I had to go long-netting on the Isle of Sheppey round about 1992 and there was a military base there. They didn’t like the hat and took it seriously and asked me if I was a communist. You know what these soldiers are like – brainwashed to move and shit and think as one and can’t cope with anything out of the ordinary. I was worried in case they started shooting. But they didn’t and we got the all clear.
We didn’t know the area and,
if you ain’t been somewhere before, you has to use your own judgement as to how the hares will run. We set up 500 yards of long nets in this huge sixty-acre field and were waiting for the beat when we sees these two big greyhounds chasing a hare off in the distance. The hare has a good fifteen yards on the dogs and is beating ’em easy. But he runs straight into our nets and the dogs kill him. It just wasn’t that hare’s lucky day.
Anyway, one day later in my life, I’m out for a stroll with Ernie. We wasn’t hunting or poaching, just enjoying the countryside. I likes to be quiet when I’m out, just like my father taught me, but Ernie was keeping on gabbing and he was getting on my nerves. We came upon a tree that had fallen down and was leaning at an angle agin’ another tree. There was some movement underneath it, so I decided to take a look to get away from Ernie’s chatter. I moved away some of the undergrowth and, to my surprise, there’s this big buck muntjac, lying down, hiding from us. Being the poacher I am, I start trying to get him out by kicking at him with my foot. The next thing, he charges at me and I’m telling you, as well as his sharp-pointed antlers, he has a pair of tusks like the fangs of a tiger. I’m completely unarmed, so I grab hold of a stick and break it across his back, but it does no damage and the muntjac keeps after me, trying to gore me with the antlers and sink its tusks into my leg. I shouts at Ernie.
‘Do something!’
‘What can I do?’
‘Get him away from me!’
‘Then he’ll come after me. You should’ve left him alone, Bob.’
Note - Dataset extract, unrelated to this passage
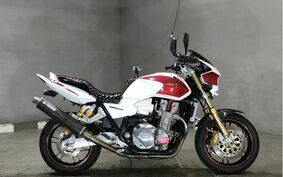 HONDA CB1300SF SUPER FOUR 2008 SC54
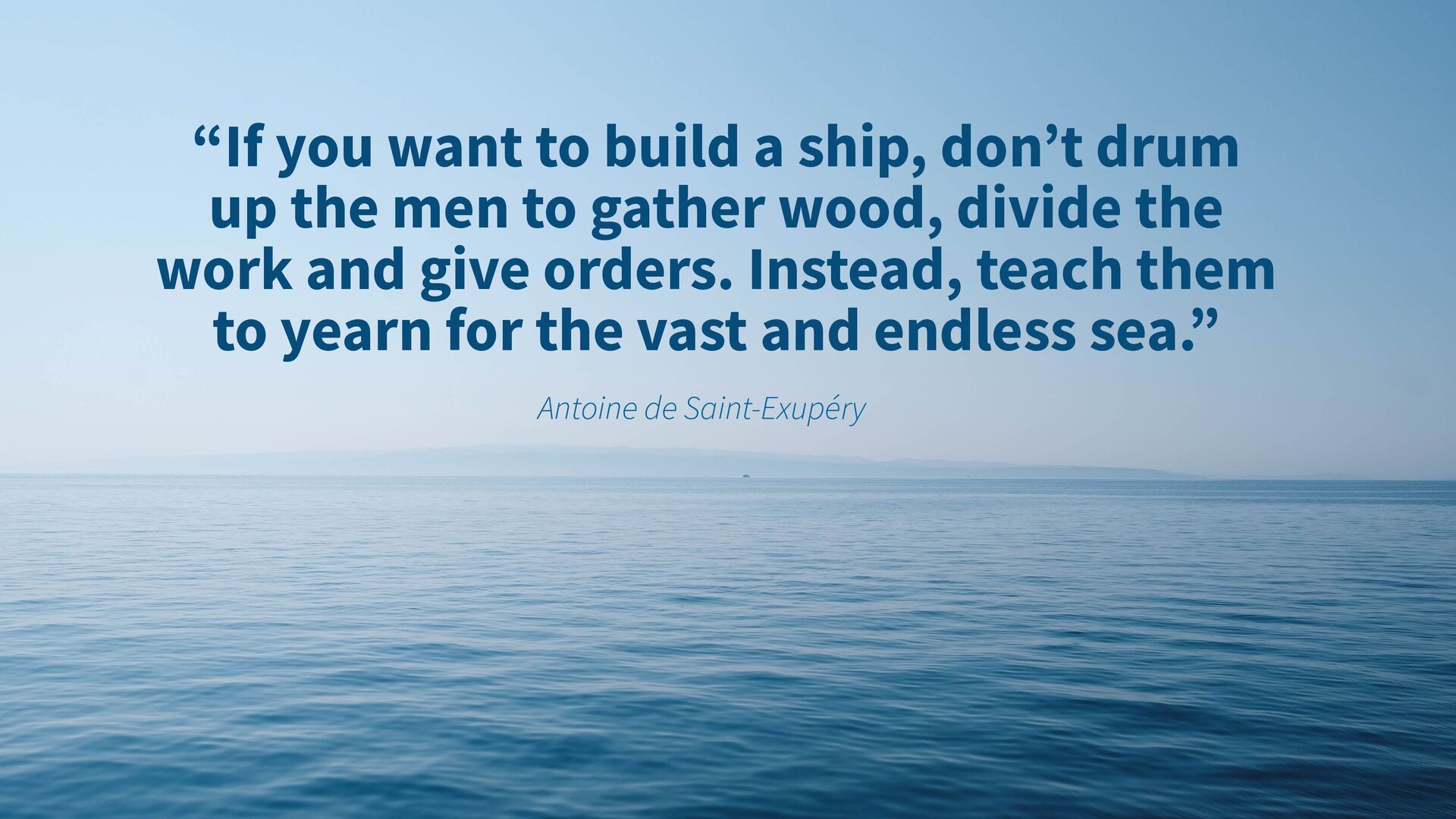 How to Stay Motivated When You're In It For The Long Haul - slide 12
Anyway, Ernie starts to throw stuff at him, stones and sticks – but he keeps chasing me around, until I climbs a tree and I’m out of his reach. Then he turns and goes after Ernie, who runs off out of sight with the muntjac after him.
I didn’t see him again for a few days and, when I did, he was walking with a limp.
‘I’m never going nowhere with you again, Bob Tovey.’
‘Why’s that?’
‘That bloody deer . . .’
‘You should’ve left him alone, Ernie.’
Now, I’d caught plenty of muntjac in the long nets. We had six one time – we killed three by breaking their necks and let the other three go. But this buck was the biggest I’d ever seen, and me and Ernie was getting on in years then, not as strong as we once were. If I’d been younger, I’d probably have killed him. But, on this occasion, the muntjac nearly killed me and gave Ernie the chase of his life.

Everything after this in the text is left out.